Task objective: Give an exact copy of the line that has "Detector de humo" and of every line below it, through the last, with nothing else.

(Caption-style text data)
───

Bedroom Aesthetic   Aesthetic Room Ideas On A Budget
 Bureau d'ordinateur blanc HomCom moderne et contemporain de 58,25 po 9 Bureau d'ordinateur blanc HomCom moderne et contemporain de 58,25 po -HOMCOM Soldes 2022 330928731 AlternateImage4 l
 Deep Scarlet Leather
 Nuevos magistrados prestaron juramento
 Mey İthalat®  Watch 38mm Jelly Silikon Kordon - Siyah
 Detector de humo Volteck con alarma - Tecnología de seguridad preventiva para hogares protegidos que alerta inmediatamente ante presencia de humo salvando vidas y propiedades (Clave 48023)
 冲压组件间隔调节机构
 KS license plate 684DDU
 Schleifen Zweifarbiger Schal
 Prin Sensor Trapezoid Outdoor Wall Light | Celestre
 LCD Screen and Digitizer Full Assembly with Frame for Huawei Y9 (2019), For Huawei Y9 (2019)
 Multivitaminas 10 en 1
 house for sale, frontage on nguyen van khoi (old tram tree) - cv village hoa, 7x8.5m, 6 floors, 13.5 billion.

───

Finished task:
 Detector de humo Volteck con alarma - Tecnología de seguridad preventiva para hogares protegidos que alerta inmediatamente ante presencia de humo salvando vidas y propiedades (Clave 48023)
 冲压组件间隔调节机构
 KS license plate 684DDU
 Schleifen Zweifarbiger Schal
 Prin Sensor Trapezoid Outdoor Wall Light | Celestre
 LCD Screen and Digitizer Full Assembly with Frame for Huawei Y9 (2019), For Huawei Y9 (2019)
 Multivitaminas 10 en 1
 house for sale, frontage on nguyen van khoi (old tram tree) - cv village hoa, 7x8.5m, 6 floors, 13.5 billion.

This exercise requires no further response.